Sementara itu, tim regu tembak dari Satuan Brigade Mobil (Brimob) Polda Jawa Tengah siap melaksanakan eksekusi terhadap 10 terpidana mati di Nusakambangan, Cilacap, Jawa Tengah. Berdasarkan informasi yang dihimpun dari sumber KORAN SINDO, senjata untuk mengeksekusi nantinya berjenis SS1 (senapan serbu).

Ini merupakan senjata api laras panjang buatan PT Pindad. ”Itu senjata kaliber 5,56 mm. Kaliber seperti itu seperti TNI juga, dulu ada yang jenis itu, namanya FNC (Fabrique Nationale Carabine ) buatan luar negeri. Tapi sekarang yang dipakai SS1,” ungkap sumber KORAN SINDO yang enggan disebut identitasnya, kemarin.

Sumber itu menyebut, SS1 dipakai oleh 12 penembak brigadir eksekutor. Sementara 1 komandan regu penembak, menggunakan senjata api genggam laras pendek. ”Komandannya itu memakai Glock,” lanjut dia. Untuk penembakan, dari 12 SS1 itu hanya ada tiga yang berpeluru tajam.

Sisanya, yakni sembilan, merupakan peluru hampa. Itu akan ditembakkan dengan aba-aba dari komandan pelaksana dan jaksa eksekutor. Sasarannya adalah jantung. Tanda di jantung itu ditandai oleh dokter, diberikan pada para terpidana mati yang semuanya memakai baju putih. Dokter yang mengawal itu dari kepolisian, Bidang Kedokteran Kesehatan (Dokkes) Polda Jawa Tengah.

Jika setelah dilakukan penembakan, ternyata terpidana masih hidup, dan dikuatkan keterangan dokter yang ikut, maka komandan regu tembak melakukan penembakan terakhir dengan senjata genggamnya. Hal ini juga sesuai dengan UU 2/PNPS/1964 dan Peraturan Kapolri No 12/2010.

Penembakan pengakhir dilakukan dengan menembak terpidana di atas telinga alias tembak di kepala. Proses eksekusi memang dilakukan dengan cara ditembak sampai mati, sesuai dengan aturan yang berlaku. Informasi yang dihimpun tentang tiga peluru tajam itu, KORAN SINDO sempat melihat foto jenazah Tran Thi Bich Hanh,terpidana mati asal Vietnam yang dieksekusi Januari lalu.

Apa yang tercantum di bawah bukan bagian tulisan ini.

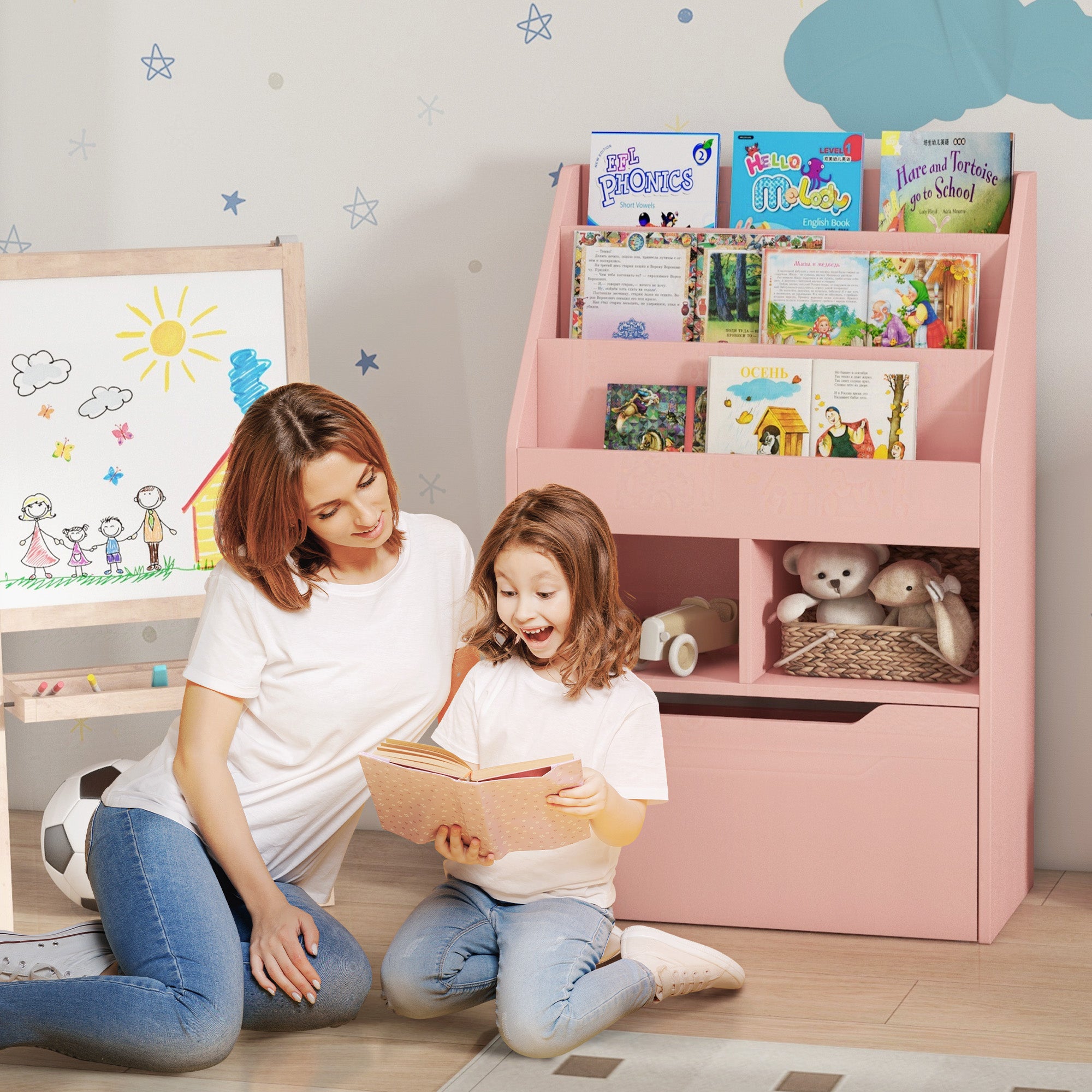 Estante de Madeira para Brinquedos com 3 Compartimentos 2 Prateleiras e Gaveta Móvel 60x29,9x90 cm - Rosa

Di dada kiri Bich Hanh, ada tiga lubang bekas peluru. Sementara untuk jaraknya, antara regu tembak dan terpidana antara 5-10 meter. Rata-rata para terpidana mati posisinya menyandar pada tiang penyangga, kondisi mata tertutup kain hitam, dan diborgol. Sementara itu, keluarga sejumlah terpidana mati mendatangi LP Pulau Nusakambangan, Cilacap, Jawa Tengah menjelang pelaksanaan eksekusi.

Rarasati syarief/Sucipto/Muh shamil/Eka setiawan/Ant
(bbg)
Copyright © 2024 SINDOnews.com
All Rights Reserved
berita/ rendering in 0.5080 seconds (0.1#10.140)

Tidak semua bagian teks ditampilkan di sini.